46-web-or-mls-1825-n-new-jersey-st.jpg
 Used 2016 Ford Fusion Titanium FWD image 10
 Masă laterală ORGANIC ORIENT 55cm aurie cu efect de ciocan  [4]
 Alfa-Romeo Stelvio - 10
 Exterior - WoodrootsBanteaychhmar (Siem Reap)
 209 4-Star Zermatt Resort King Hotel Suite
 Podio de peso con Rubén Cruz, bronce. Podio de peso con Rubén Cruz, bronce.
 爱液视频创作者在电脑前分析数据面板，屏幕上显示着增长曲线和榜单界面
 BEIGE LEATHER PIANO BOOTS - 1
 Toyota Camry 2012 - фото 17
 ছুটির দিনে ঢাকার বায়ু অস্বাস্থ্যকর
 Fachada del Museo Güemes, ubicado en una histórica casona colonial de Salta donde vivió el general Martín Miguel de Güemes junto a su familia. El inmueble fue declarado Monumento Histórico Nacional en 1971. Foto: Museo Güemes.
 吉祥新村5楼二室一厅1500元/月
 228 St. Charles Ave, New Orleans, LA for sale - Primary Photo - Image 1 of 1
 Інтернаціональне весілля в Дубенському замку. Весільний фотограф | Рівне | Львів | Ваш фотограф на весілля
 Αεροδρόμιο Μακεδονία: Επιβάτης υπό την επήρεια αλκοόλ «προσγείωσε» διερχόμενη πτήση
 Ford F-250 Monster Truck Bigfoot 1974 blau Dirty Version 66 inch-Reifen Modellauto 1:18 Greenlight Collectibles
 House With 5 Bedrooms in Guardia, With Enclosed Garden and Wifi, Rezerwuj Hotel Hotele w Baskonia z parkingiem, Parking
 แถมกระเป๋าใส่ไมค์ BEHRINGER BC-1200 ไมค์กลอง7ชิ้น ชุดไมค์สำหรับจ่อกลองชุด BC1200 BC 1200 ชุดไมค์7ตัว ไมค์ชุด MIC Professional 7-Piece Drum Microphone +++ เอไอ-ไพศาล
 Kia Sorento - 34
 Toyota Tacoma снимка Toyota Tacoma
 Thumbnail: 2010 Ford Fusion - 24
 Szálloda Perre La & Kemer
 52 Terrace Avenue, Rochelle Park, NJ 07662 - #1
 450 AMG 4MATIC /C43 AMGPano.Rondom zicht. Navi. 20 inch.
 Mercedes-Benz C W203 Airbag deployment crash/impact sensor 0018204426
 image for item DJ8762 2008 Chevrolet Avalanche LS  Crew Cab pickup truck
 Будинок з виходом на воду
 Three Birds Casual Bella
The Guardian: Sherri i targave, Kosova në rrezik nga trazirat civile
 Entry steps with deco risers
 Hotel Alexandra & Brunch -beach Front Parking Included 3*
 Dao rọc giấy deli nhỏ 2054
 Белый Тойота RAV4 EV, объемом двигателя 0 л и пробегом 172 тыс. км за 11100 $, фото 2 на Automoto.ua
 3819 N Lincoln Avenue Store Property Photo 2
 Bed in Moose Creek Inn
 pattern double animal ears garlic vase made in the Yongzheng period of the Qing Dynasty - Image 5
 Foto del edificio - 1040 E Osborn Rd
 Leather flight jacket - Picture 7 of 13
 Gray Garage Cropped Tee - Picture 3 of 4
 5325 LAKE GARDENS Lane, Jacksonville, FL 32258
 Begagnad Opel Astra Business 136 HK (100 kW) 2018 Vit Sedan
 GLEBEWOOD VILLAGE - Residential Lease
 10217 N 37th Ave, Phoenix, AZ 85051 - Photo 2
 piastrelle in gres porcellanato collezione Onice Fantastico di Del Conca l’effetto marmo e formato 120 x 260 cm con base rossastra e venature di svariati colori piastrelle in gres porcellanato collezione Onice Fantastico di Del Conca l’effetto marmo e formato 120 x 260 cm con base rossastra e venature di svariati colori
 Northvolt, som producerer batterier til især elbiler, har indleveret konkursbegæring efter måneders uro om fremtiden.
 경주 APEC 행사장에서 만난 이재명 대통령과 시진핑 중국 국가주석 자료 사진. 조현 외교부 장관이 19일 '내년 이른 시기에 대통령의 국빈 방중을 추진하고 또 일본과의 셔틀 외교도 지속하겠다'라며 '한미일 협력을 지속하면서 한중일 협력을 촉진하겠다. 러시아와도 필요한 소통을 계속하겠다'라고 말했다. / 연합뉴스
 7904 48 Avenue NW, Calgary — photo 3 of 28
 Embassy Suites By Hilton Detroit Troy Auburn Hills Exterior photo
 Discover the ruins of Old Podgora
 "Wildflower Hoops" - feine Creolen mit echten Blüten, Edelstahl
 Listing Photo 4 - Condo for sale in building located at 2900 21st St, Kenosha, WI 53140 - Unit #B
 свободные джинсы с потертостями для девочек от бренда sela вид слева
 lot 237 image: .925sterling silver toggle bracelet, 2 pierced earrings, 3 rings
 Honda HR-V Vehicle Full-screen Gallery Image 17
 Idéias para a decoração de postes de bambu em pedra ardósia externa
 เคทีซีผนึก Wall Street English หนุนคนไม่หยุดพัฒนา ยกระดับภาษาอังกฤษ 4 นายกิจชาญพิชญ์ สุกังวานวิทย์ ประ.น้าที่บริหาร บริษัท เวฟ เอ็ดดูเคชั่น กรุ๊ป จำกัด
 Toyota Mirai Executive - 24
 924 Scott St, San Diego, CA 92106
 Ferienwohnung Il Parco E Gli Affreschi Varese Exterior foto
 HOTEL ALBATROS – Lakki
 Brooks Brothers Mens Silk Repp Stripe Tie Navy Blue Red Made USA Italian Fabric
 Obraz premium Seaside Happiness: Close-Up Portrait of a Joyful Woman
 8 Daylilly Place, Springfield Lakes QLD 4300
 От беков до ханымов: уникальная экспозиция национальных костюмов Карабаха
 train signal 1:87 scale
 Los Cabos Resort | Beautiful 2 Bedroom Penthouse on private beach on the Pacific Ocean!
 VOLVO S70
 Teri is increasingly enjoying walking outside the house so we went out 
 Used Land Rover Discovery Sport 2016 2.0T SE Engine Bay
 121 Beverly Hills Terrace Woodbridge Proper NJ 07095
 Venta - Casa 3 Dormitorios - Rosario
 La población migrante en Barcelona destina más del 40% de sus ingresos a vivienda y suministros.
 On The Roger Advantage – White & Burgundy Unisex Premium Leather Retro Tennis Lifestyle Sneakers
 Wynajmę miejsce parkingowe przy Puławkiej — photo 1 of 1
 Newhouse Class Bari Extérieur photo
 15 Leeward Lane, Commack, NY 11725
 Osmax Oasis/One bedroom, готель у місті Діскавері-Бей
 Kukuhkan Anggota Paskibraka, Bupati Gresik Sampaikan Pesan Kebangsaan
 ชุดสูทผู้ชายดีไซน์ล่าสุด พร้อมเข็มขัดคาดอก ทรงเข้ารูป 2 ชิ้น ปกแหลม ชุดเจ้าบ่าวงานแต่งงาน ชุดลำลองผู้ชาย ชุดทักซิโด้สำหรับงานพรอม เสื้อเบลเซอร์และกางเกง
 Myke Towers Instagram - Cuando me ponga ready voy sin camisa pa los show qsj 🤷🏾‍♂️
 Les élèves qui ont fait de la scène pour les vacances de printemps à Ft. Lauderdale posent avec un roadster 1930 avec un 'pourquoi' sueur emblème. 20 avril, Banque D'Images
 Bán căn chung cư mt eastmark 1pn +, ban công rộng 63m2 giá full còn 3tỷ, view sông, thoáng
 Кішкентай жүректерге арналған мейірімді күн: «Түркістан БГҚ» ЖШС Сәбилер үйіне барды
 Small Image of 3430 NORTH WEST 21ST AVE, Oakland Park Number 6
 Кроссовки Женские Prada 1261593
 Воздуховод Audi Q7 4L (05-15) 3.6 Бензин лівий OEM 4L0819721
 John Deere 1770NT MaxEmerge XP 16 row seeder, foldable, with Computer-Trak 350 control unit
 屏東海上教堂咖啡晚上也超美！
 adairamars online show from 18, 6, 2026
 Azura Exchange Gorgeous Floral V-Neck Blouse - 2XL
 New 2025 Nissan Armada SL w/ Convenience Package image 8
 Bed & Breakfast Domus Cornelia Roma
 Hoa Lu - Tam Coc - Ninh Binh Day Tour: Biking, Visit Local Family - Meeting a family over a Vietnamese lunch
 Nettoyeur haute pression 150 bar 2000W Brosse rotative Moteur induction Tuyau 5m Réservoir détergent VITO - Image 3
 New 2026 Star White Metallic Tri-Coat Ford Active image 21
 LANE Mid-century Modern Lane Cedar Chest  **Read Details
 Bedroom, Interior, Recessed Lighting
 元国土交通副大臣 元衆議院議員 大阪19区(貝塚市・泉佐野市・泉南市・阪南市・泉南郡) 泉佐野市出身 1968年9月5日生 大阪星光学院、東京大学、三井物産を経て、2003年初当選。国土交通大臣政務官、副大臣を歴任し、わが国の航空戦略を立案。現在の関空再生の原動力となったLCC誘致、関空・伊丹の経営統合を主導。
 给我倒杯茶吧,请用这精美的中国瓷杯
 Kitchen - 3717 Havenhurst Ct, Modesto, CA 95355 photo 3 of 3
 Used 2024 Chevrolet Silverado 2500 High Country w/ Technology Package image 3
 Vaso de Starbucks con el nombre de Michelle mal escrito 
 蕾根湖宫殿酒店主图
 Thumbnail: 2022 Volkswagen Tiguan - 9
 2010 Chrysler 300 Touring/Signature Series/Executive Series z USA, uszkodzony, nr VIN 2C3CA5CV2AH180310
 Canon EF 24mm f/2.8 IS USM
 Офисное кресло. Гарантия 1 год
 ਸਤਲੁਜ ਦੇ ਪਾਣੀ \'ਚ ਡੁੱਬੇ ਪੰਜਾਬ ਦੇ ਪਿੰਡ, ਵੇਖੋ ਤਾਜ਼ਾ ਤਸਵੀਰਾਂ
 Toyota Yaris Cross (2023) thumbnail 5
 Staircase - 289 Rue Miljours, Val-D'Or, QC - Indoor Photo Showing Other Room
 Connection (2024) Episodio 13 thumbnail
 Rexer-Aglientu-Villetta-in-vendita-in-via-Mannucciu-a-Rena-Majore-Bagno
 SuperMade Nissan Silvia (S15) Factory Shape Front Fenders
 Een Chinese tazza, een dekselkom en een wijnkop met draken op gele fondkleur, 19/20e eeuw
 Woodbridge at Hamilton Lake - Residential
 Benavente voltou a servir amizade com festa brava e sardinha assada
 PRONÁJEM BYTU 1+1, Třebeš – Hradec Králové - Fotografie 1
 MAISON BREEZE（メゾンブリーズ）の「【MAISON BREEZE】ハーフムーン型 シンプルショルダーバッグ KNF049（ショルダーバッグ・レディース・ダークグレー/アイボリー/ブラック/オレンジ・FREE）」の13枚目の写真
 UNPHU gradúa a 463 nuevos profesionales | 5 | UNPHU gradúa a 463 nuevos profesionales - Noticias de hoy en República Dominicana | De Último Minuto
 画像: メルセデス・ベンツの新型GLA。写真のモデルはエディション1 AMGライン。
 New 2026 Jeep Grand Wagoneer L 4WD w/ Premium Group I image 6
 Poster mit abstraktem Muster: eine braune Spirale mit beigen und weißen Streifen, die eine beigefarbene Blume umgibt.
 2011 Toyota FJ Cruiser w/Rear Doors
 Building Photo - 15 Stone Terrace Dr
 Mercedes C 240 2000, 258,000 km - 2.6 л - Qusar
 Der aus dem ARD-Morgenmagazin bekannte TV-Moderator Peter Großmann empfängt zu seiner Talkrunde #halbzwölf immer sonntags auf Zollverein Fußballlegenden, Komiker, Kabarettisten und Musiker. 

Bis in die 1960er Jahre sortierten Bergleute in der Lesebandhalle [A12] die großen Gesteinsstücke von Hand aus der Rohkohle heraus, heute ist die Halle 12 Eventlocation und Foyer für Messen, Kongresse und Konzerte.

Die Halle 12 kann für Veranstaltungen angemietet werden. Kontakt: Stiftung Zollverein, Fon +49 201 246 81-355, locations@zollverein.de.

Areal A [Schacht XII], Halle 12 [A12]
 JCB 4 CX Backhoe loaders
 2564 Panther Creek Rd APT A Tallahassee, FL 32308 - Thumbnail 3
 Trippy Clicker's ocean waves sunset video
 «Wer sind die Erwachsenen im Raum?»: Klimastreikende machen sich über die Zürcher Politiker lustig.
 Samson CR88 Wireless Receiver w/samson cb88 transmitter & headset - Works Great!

* * *

Description of the task: Where a line of the records above holds the word "Zollverein", copy that line.

Task answer:
 Der aus dem ARD-Morgenmagazin bekannte TV-Moderator Peter Großmann empfängt zu seiner Talkrunde #halbzwölf immer sonntags auf Zollverein Fußballlegenden, Komiker, Kabarettisten und Musiker. 
Die Halle 12 kann für Veranstaltungen angemietet werden. Kontakt: Stiftung Zollverein, Fon +49 201 246 81-355, locations@zollverein.de.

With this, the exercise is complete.